Nous regardâmes aussi les peintures qui décoraient la place du Rialto ; elles représentaient l’histoire de Prométhée : le Sacrifice à Jupiter, la Découverte et le Vol du Feu, les Vices et les Maux s’échappant de la boîte fatale, enfin la Torture sur la montagne.

— Elle est belle, Pandore, me dit Marietta, tu ne devinerais jamais qui c’est.

— Non.

— Franceschina Morella !

— Pas possible.

— C’est elle. L’a-t-il embellie, hein ? le peintre ! Quand on aime aussi… Il ne s’est pas enlaidi non plus dans Prométhée. Il s’est donné la figure des jours où Franceschina lui fait des scènes de jalousie et où il apprend qu’elle l’a trompé une millième fois de plus.

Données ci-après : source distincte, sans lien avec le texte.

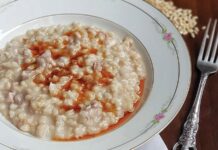 Anadolu’nun köklü mutfak mirası içinde yer alan keşkek geleneği, yalnızca bir yemek kültürü değil; paylaşmanın, imecenin ve toplumsal birlikteliğin güçlü bir simgesi olarak kabul edilir. Yüzyıllardır düğünlerden bayramlara, asker uğurlamalarından köy hayırlarına kadar pek çok özel günde pişirilen keşkek, Anadolu insanının ortak emeğini ve sabrını temsil eder. Uzun sürede, büyük kazanlarda ve kalabalık ellerle hazırlanan bu yemek, toplumsal hafızada derin bir yer edinmiştir. Konulu bir haber görseli.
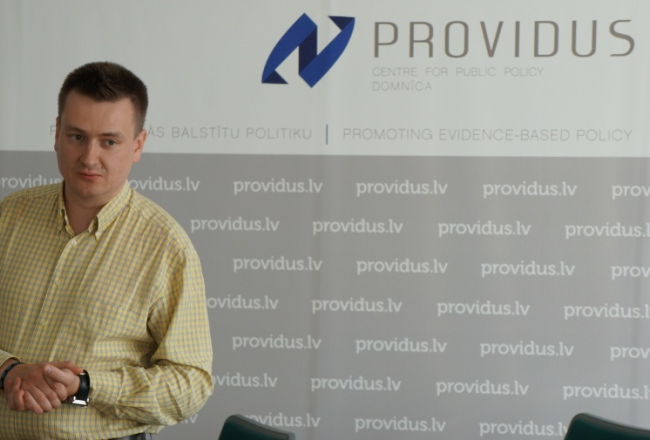 Aleksejs Aņisimovs iepazīstina ar savu projektu. Foto no personīgā arhīva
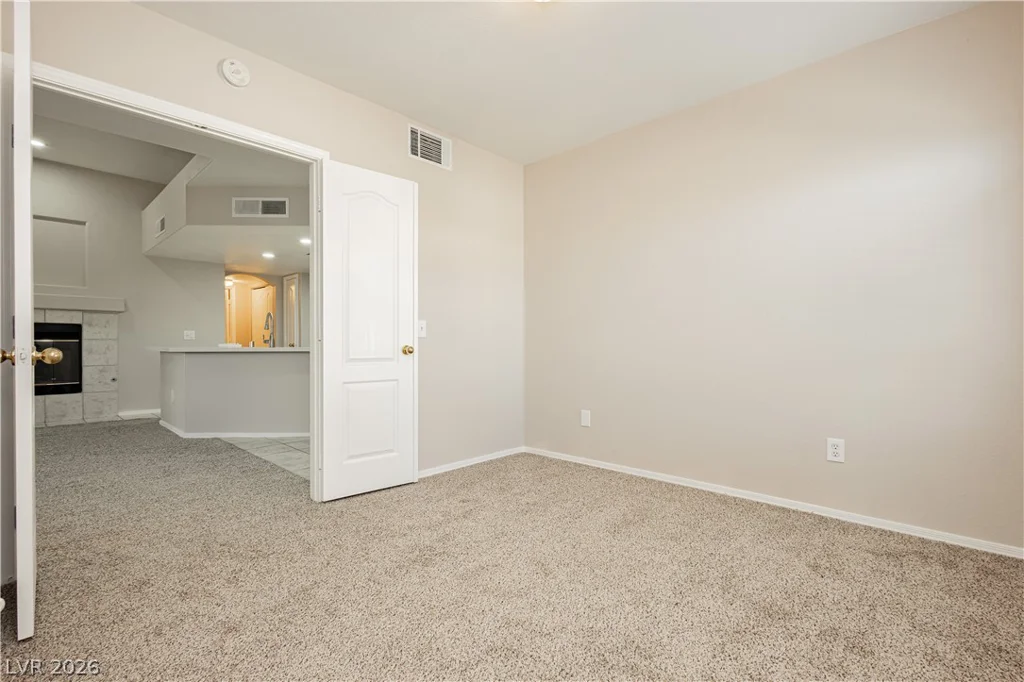 7400 Flamingo, Las Vegas, NV 89147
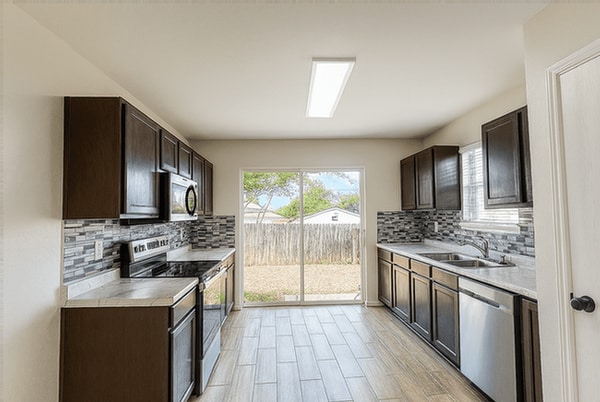 9007 Shaenwest in San Antonio, TX - Building Photo - Building Photo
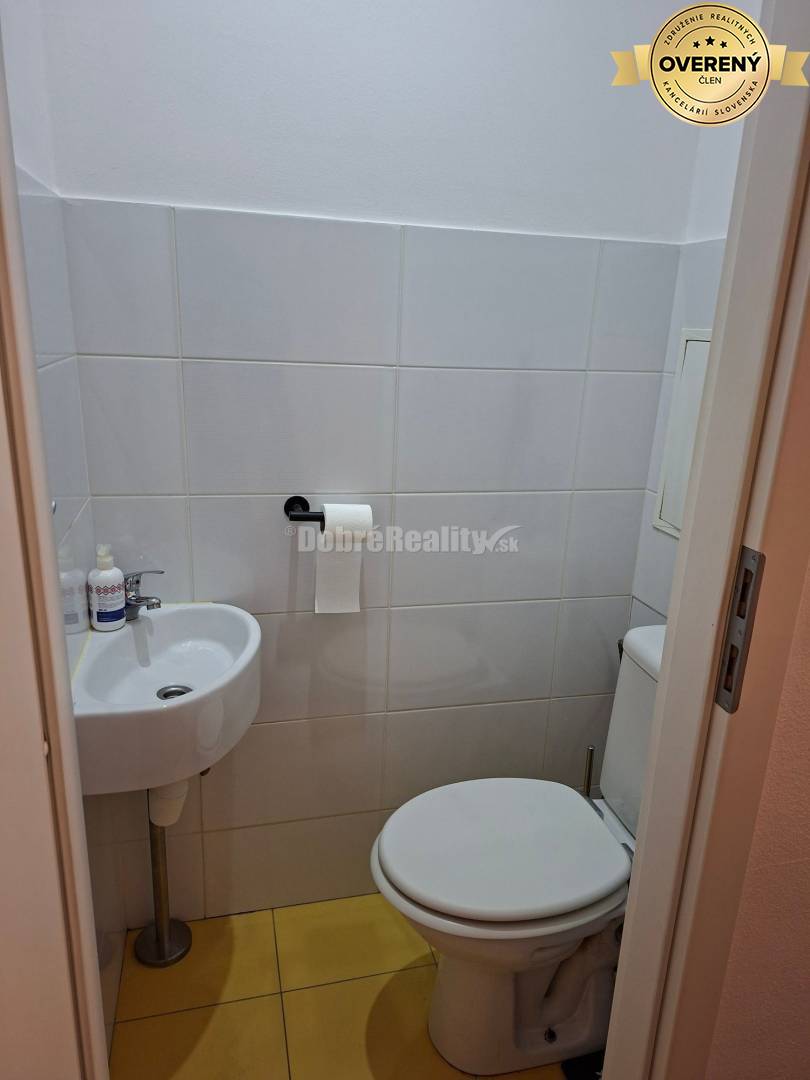 DOBRÉ REALITY-Krásny 2-i. byt na prenájom, Nábr. sv. Cyrila, Prievidza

Nous étouffions, pressées entre les dentelles, les soies et les chairs nues. Tout à coup Marietta éclata de rire.

— Qu’as-tu ? demandai-je.

— Regarde donc les chausses de ce compagnon de la Calza : Elles contiennent un joli compliment. Mais à laquelle de nous s’adresse-t-il ?

— À vous deux, répondit le galant.

— Pourrez-vous attendre jusqu’à ce soir ?

Et elle glissa la main vers son admirateur.